Let's come to potential energy. This is understood to be the energy that you have to apply to lift an object a certain height. Example: I lift the television 1 meter up to place it on the table. How much work do I have to put into this? The answer is the formula for potential energy.

Calculate potential energy:

• W.POT = m * g * h
• "WPOT"is the potential energy in Newton meters [Nm]
• "m" is the mass of the body being lifted in kilograms [kg]
• "g" is the acceleration due to gravity, g = 9.81m / s2 [m / s2 ]
• "h" is the height by which the object is lifted in meters [m]
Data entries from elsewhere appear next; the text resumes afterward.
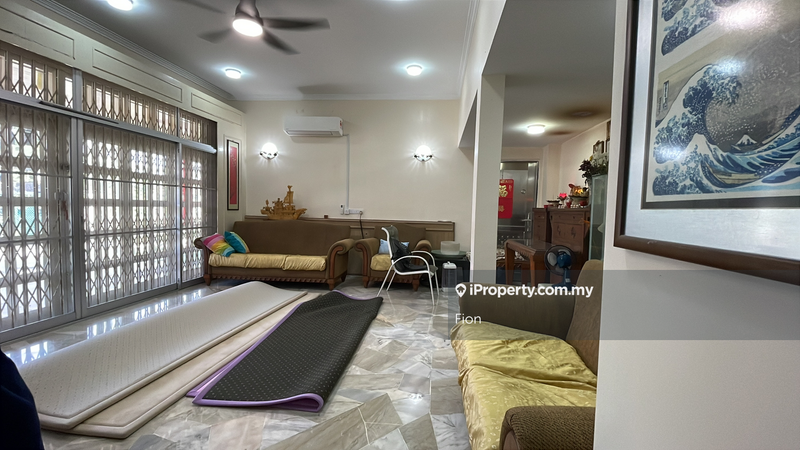 Banglo untuk Dijual di Bandar Tiram, Ulu Tiram oleh Fion - iProperty.com.my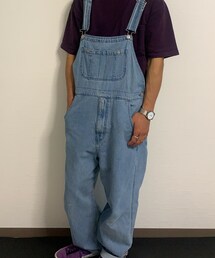 古着 | サロペット/オーバーオール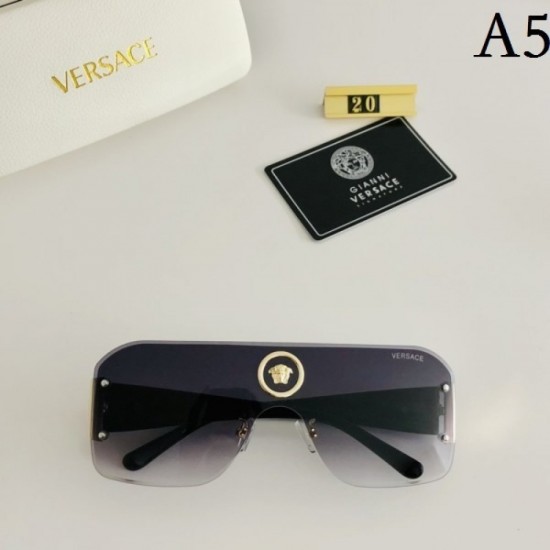 Sunglasses multicolor selectable 2022SS New spring and summer style plus VERSACE Versace Sunglasses multicolor selectable 2022SS New spring and summer style plus VERSACE Versace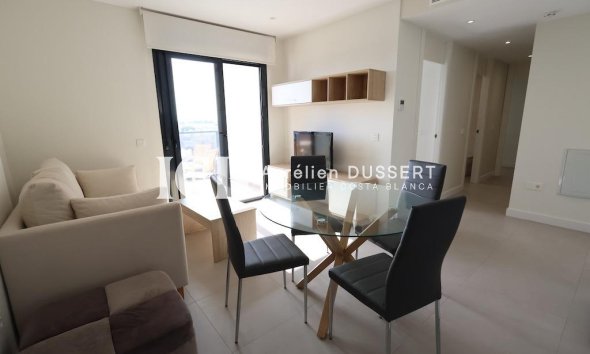 Revente - Appartement -
San Pedro del Pinatar - Lo Pagan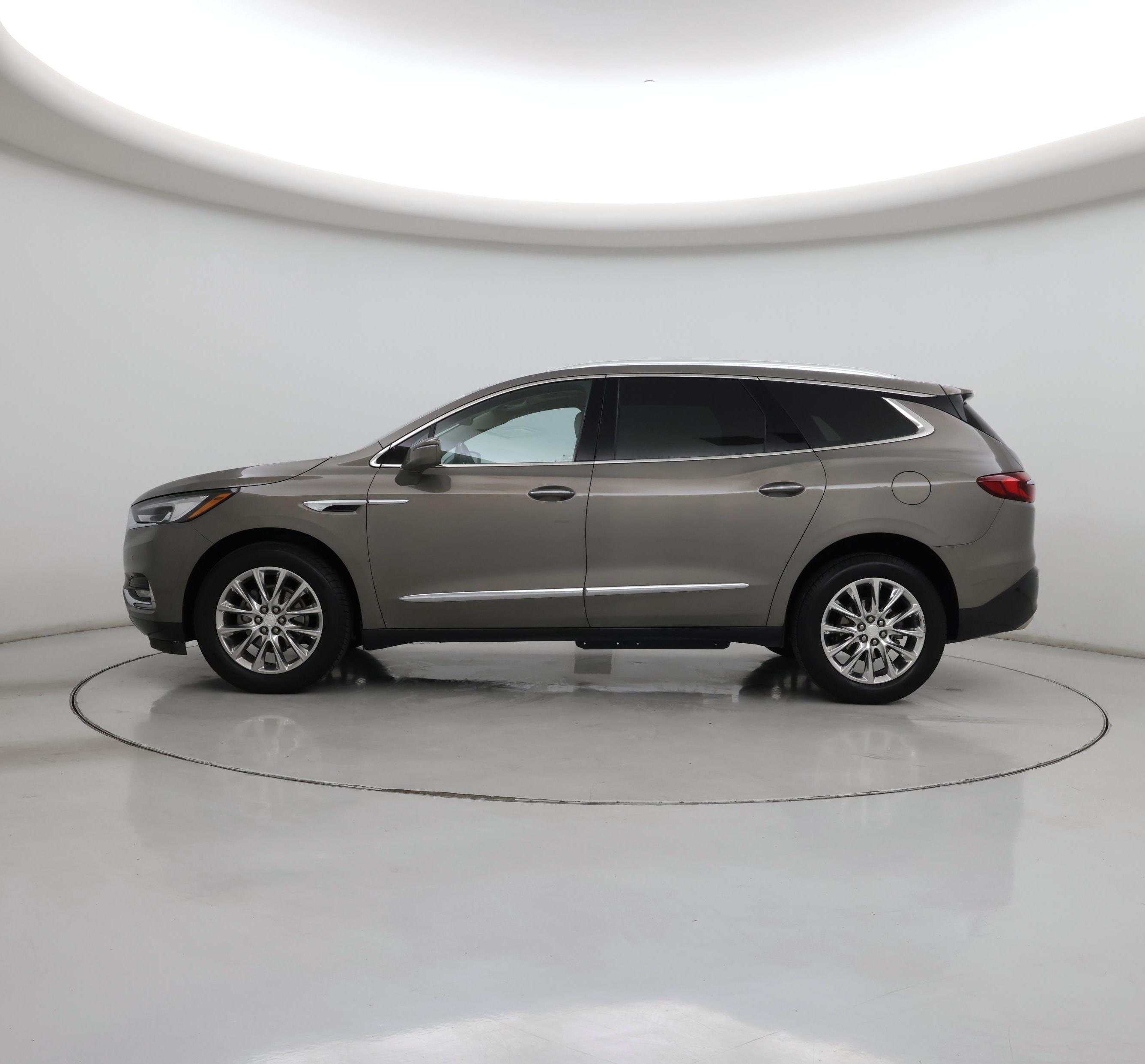 Thumbnail: 2018 Buick Enclave - 3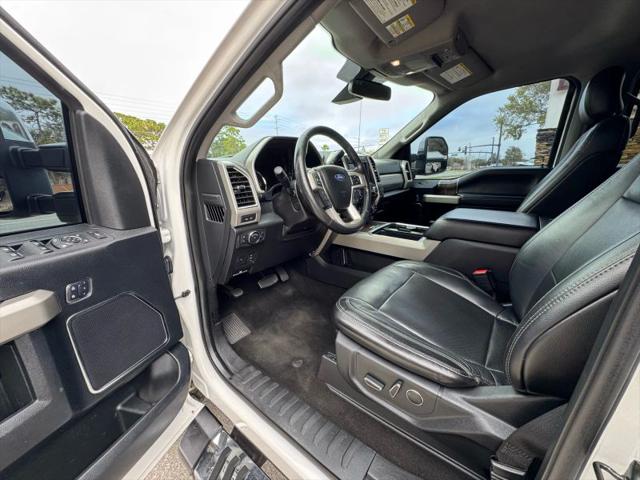 2018 Ford F-250 XL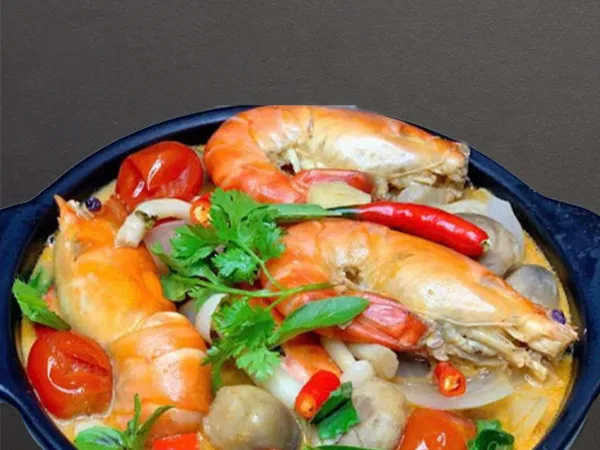 Tong Yam Seafood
If you put mass, acceleration due to gravity and altitude into the formula, you get the potential energy. If you drop the object, it gets faster and faster (because the acceleration of gravity accelerates the object). With the kinetic energy you can now calculate the speed that the object has when it hits the ground. Example: You lift a television set by 1 meter and - accidentally of course - drop it down. You have been able to calculate the potential energy with the formula from above. You use this energy in the formula for the kinetic energy and convert this formula according to the velocity v in order to calculate the impact velocity.

Calculate kinetic energy:

• W.KIN = 0.5 m v2
• W.KIN is the kinetic energy in Newton meters [Nm]
• "m" is the mass of the object in kilograms [kg]
• "v" is the speed in meters per second [m / s]

Example:
A 3 kg block falls from an airplane that flies 10 km above the ground. At what speed does the block hit the ground if you neglect the air resistance?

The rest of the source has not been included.